[PROBLEM REQUIREMENTS] Copy the entries below word for word, minus the pictures.

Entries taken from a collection
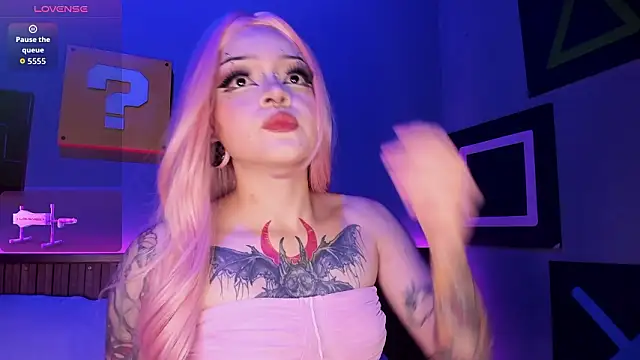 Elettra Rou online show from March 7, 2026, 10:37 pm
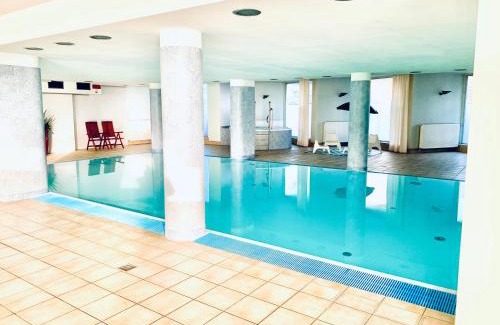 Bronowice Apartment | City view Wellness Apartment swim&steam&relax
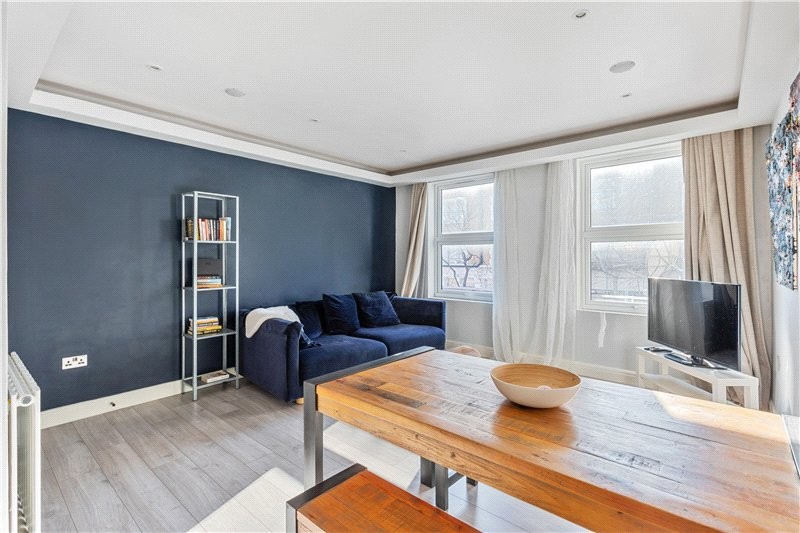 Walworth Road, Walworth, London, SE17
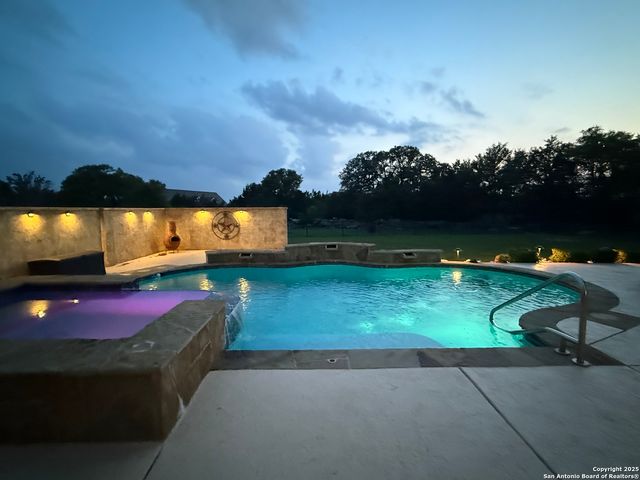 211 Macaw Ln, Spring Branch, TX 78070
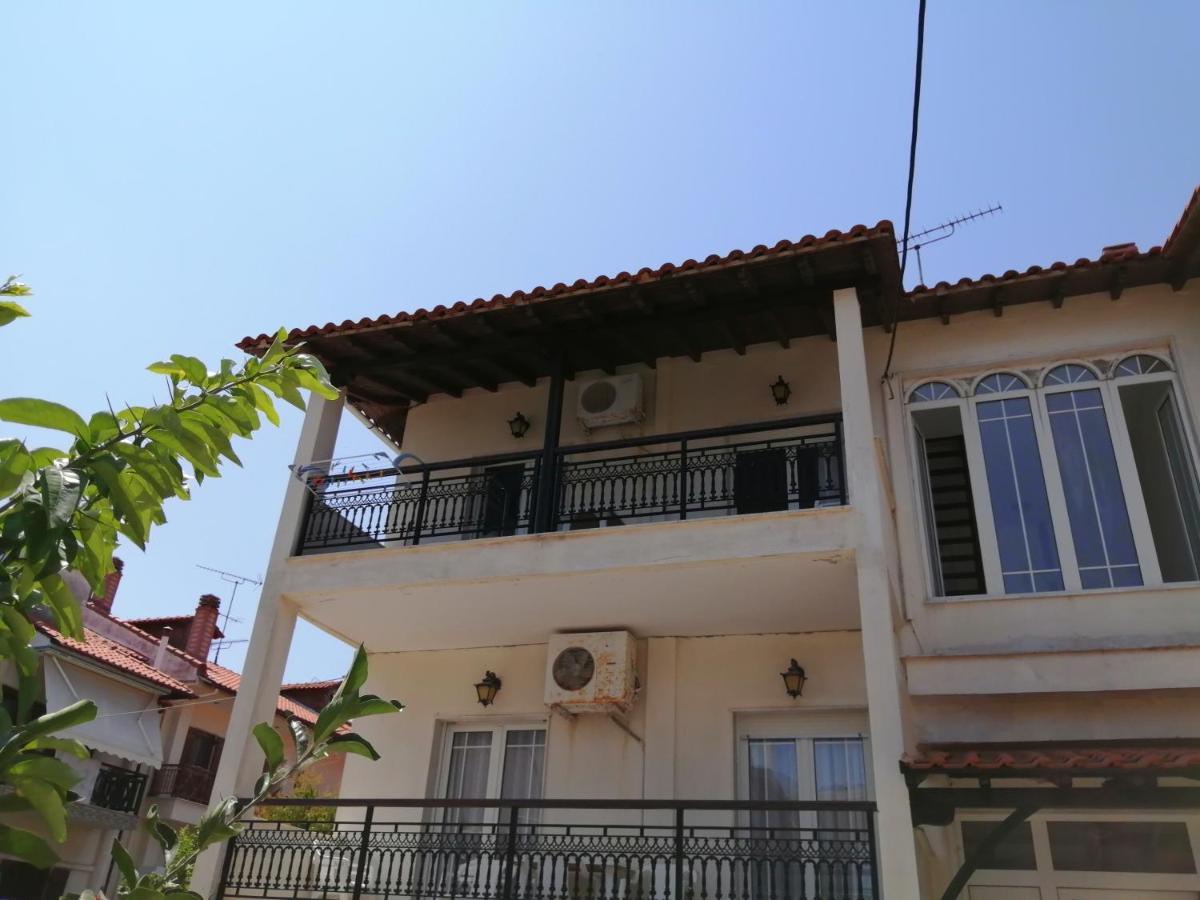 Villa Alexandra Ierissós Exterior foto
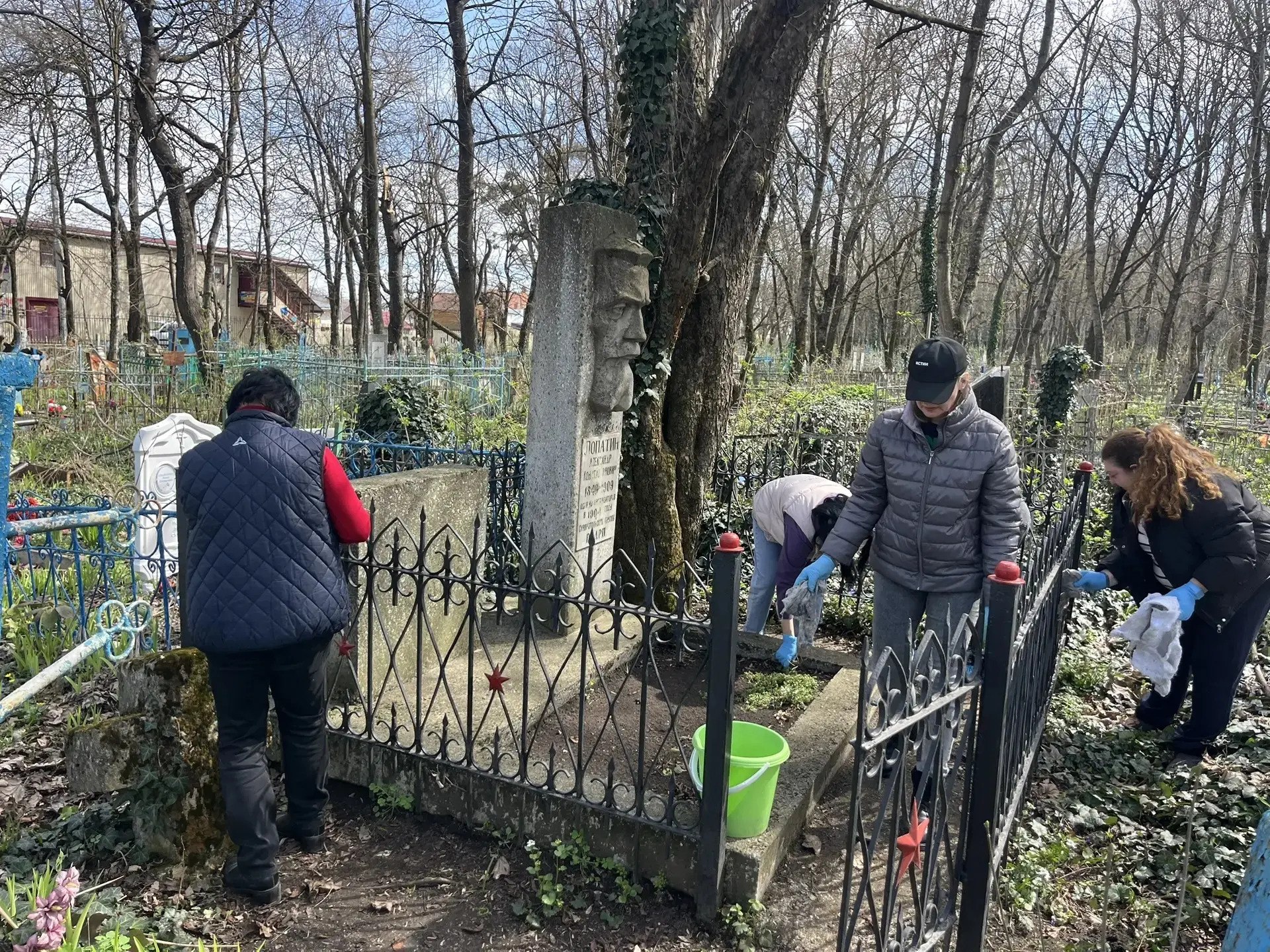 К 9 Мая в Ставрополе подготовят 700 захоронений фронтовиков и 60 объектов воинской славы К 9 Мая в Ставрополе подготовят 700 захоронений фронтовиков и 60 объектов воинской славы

[ANSWER TO THIS PROBLEM]
 Elettra Rou online show from March 7, 2026, 10:37 pm
 Bronowice Apartment | City view Wellness Apartment swim&steam&relax
 Walworth Road, Walworth, London, SE17
 211 Macaw Ln, Spring Branch, TX 78070
 Villa Alexandra Ierissós Exterior foto
 К 9 Мая в Ставрополе подготовят 700 захоронений фронтовиков и 60 объектов воинской славы К 9 Мая в Ставрополе подготовят 700 захоронений фронтовиков и 60 объектов воинской славы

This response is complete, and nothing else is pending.